*** Opening of Exercise data ***
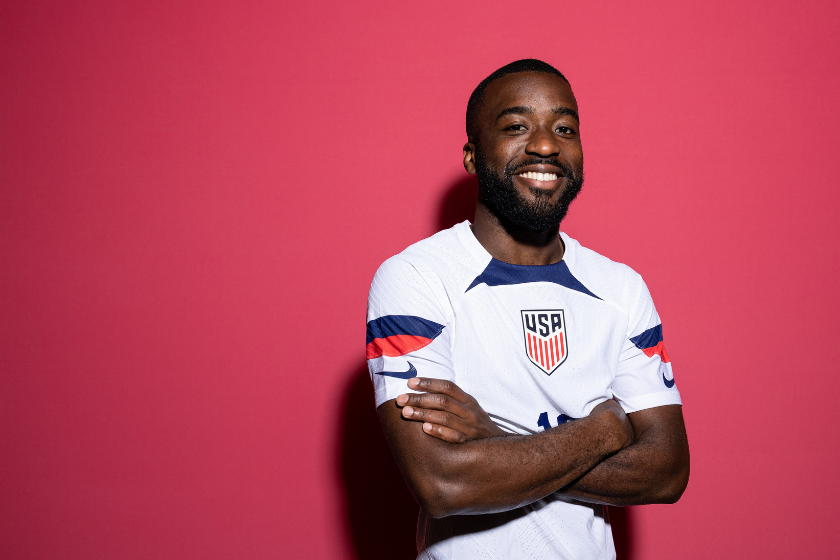 Shaq Moore of United States poses during the official FIFA World Cup Qatar 2022 portrait session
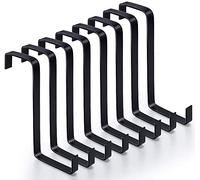 ilauke 8 Pack Over Door Hooks, Z-Shaped Reversible Dual Head Single Over Door Hooks Fits 3.6 cm and 4.2cm Widths, 8cm Sturdy Metal Hook Hanger Hold Up to 10kg for Bedroom Bathroom Kitchen
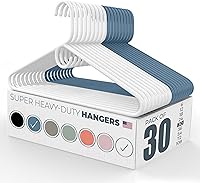 Vista 62 de Neaties Perchas de ropa súper resistentes, paquete de 20 (24 unidades), fabricadas en los Estados Unidos, capacidad de 10 libras, perchas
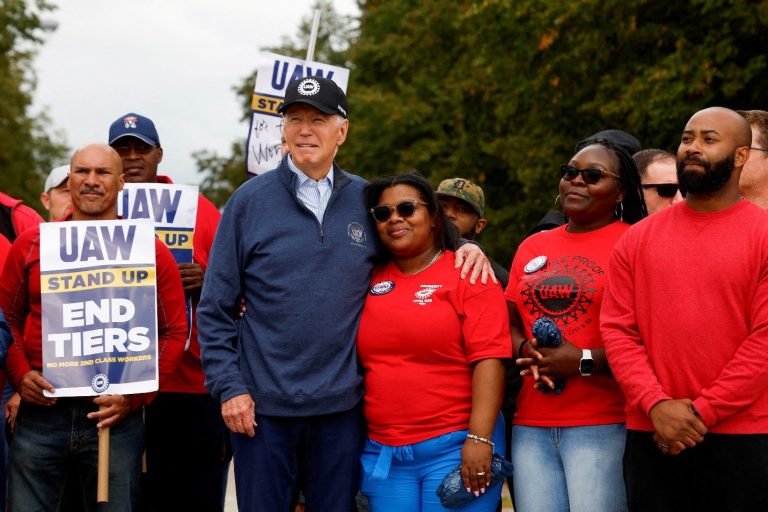 U.S. President Joe Biden joins striking members of the United Auto Workers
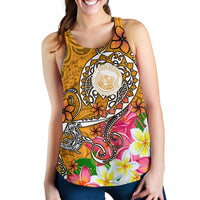 Hawaii Polynesian Women's Racerback Tank - Hawaii Seal With Turtle Plumeria (Gold) - Polynesian Pride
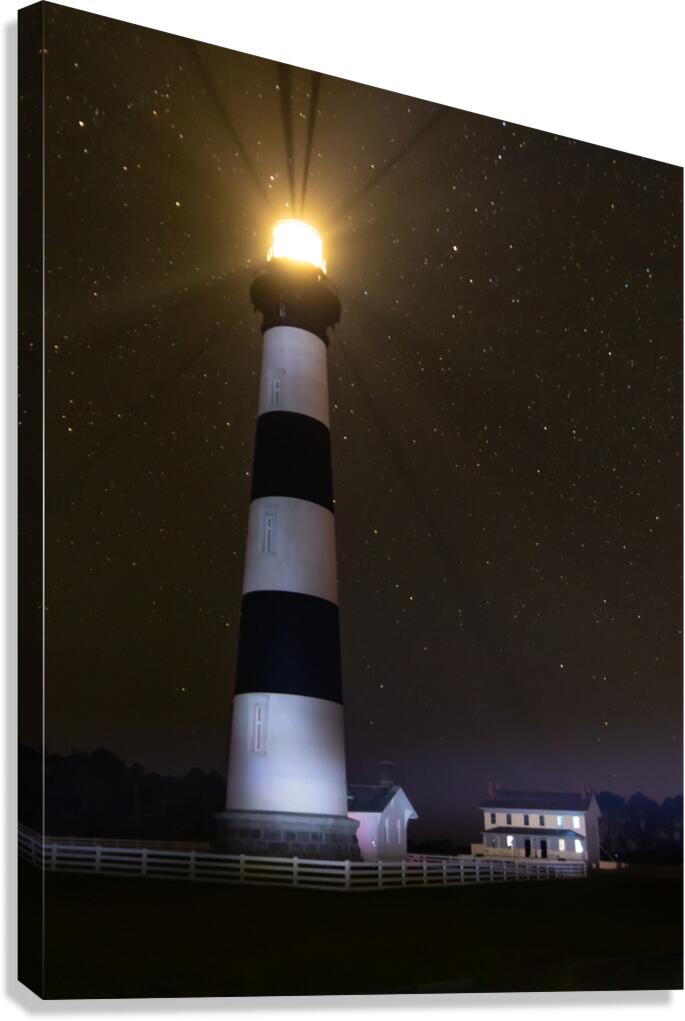 North Carolina Lighthouse Light Rays Vertical Canvas Print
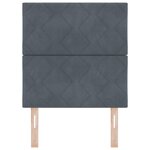 vidaXL Tête de Lit Blocs en Diamant Gris Foncé 80 cm Velours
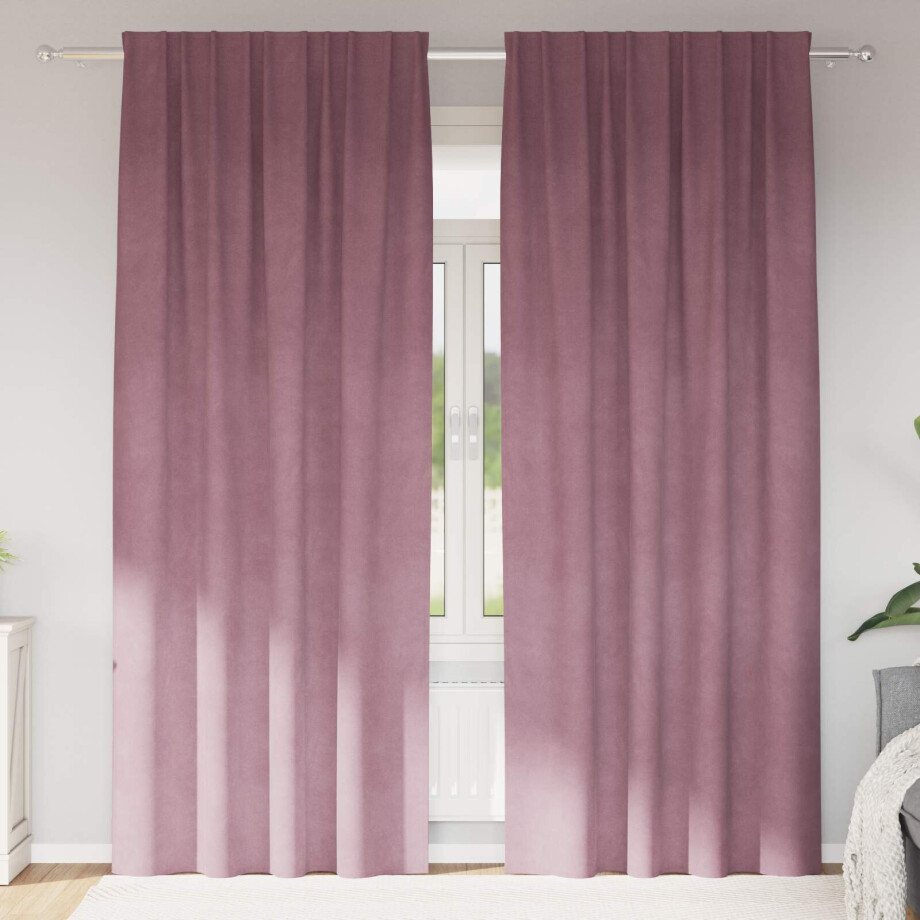 vidaXL Verduisterende gordijnen 2 pcs Donkerroze 140 x 260 cm Fluweel afbeelding 1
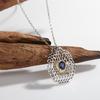 Color Treasure Pendant S925 Sterling Silver Natural Sapphire Necklace Women'S Fashion Versatile Collarbone Chain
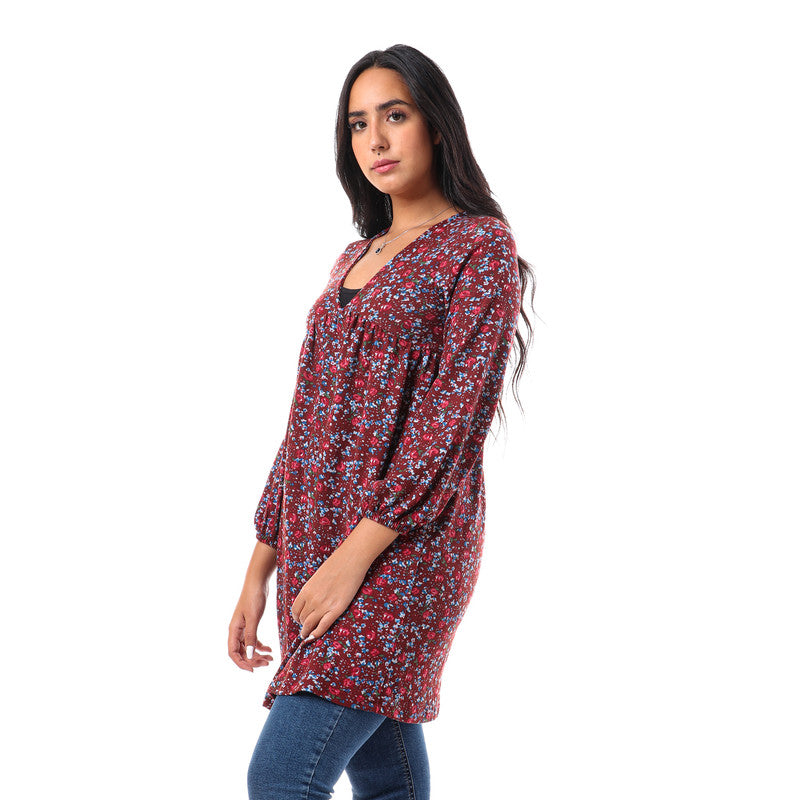 Floral V-Neck Full Sleeves Tunic Top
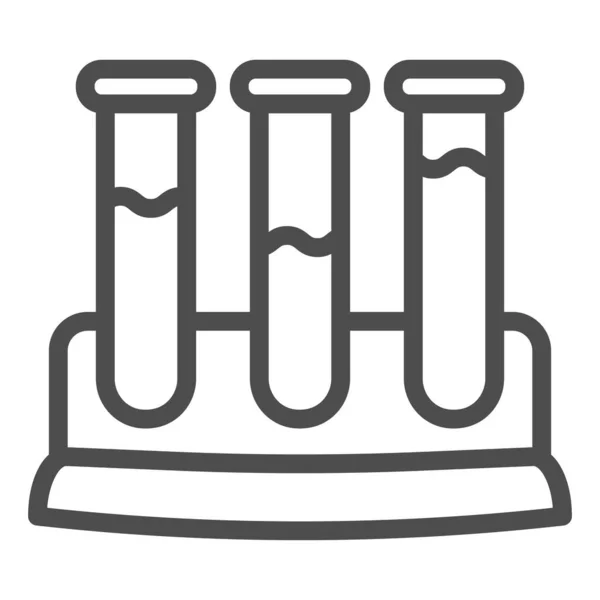 Pictogram van de medische kolflijn. Chemie bekers vector illustratie geïsoleerd op wit. Testbuizen schetsen stijl ontwerp, ontworpen voor web en app. Eps 10. — Stockvector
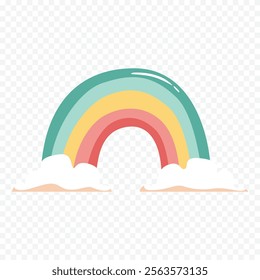 Hand drawn rainbow element. Boho rainbow hand drawn illustration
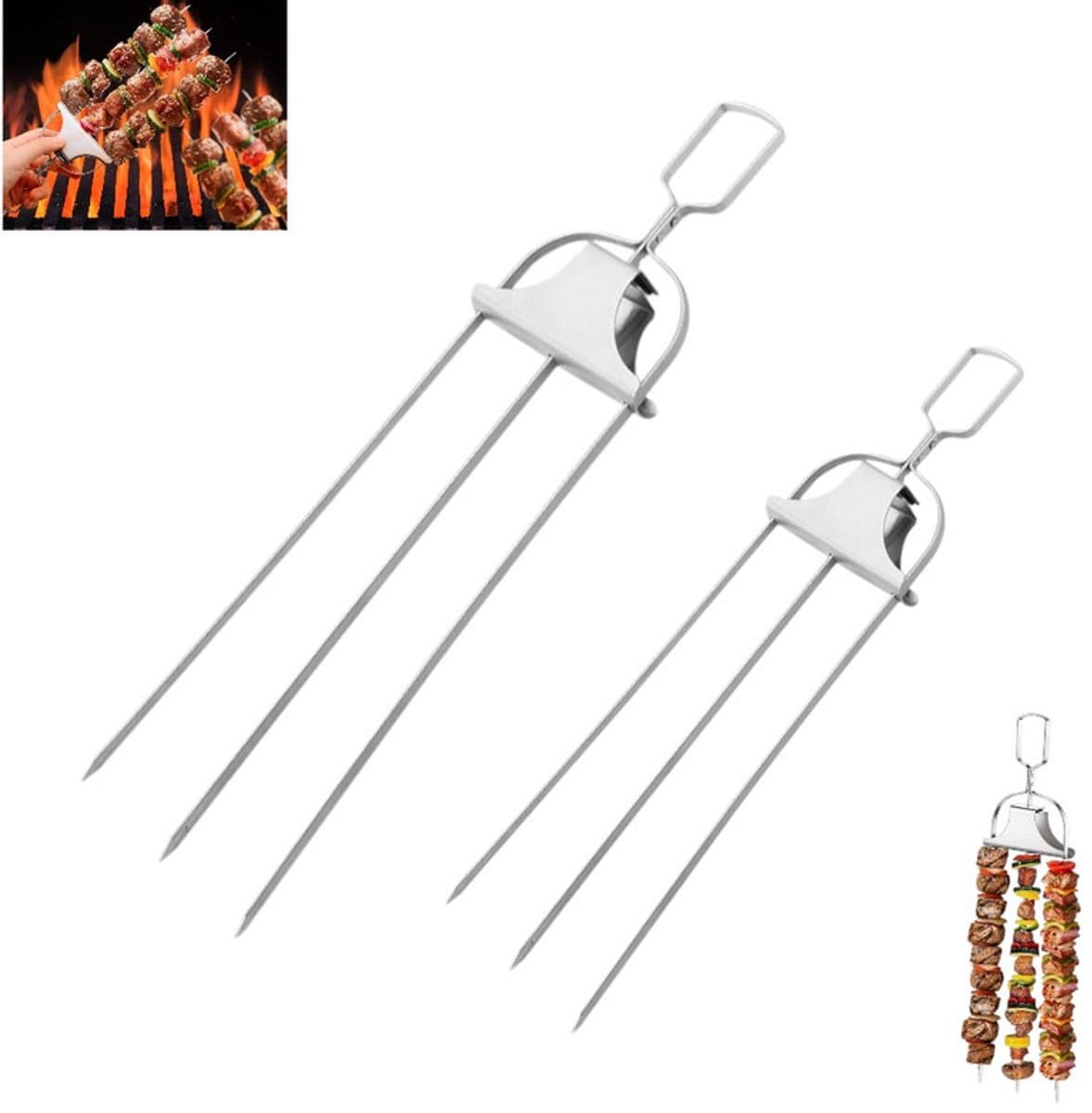 2 stuks - BBQ-vork - Barbeque grillspiezen - vleespennen - vleesspies - vleesvork - Marshmallow spiezen - BBQ accessoires - Geschikt voor vlees, kip, worst en groenten — afbeelding 1
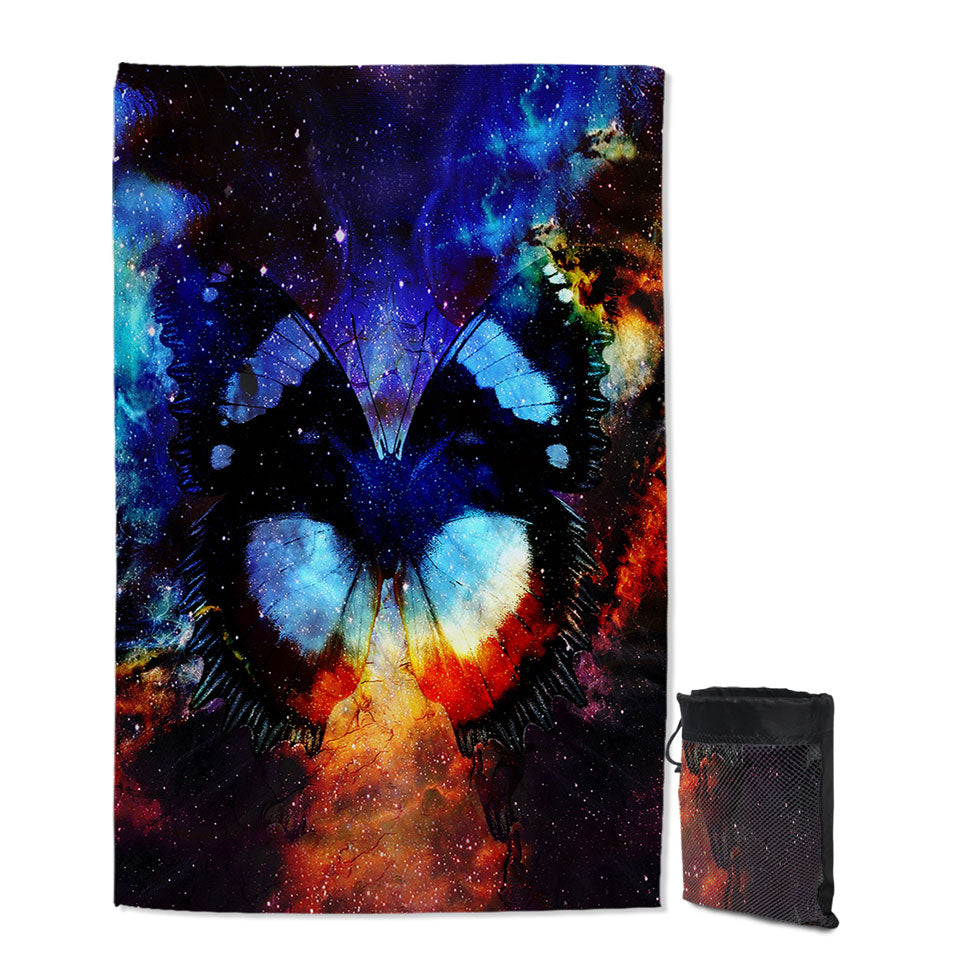 Space Butterfly Beach Towels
*** Close of Exercise data ***
Work to be completed → All of the entries above need to be repeated exactly, minus the pictures.

Solution →
 Shaq Moore of United States poses during the official FIFA World Cup Qatar 2022 portrait session
 ilauke 8 Pack Over Door Hooks, Z-Shaped Reversible Dual Head Single Over Door Hooks Fits 3.6 cm and 4.2cm Widths, 8cm Sturdy Metal Hook Hanger Hold Up to 10kg for Bedroom Bathroom Kitchen
 Vista 62 de Neaties Perchas de ropa súper resistentes, paquete de 20 (24 unidades), fabricadas en los Estados Unidos, capacidad de 10 libras, perchas
 U.S. President Joe Biden joins striking members of the United Auto Workers
 Hawaii Polynesian Women's Racerback Tank - Hawaii Seal With Turtle Plumeria (Gold) - Polynesian Pride
 North Carolina Lighthouse Light Rays Vertical Canvas Print
 vidaXL Tête de Lit Blocs en Diamant Gris Foncé 80 cm Velours
 vidaXL Verduisterende gordijnen 2 pcs Donkerroze 140 x 260 cm Fluweel afbeelding 1
 Color Treasure Pendant S925 Sterling Silver Natural Sapphire Necklace Women'S Fashion Versatile Collarbone Chain
 Floral V-Neck Full Sleeves Tunic Top
 Pictogram van de medische kolflijn. Chemie bekers vector illustratie geïsoleerd op wit. Testbuizen schetsen stijl ontwerp, ontworpen voor web en app. Eps 10. — Stockvector
 Hand drawn rainbow element. Boho rainbow hand drawn illustration
 2 stuks - BBQ-vork - Barbeque grillspiezen - vleespennen - vleesspies - vleesvork - Marshmallow spiezen - BBQ accessoires - Geschikt voor vlees, kip, worst en groenten — afbeelding 1
 Space Butterfly Beach Towels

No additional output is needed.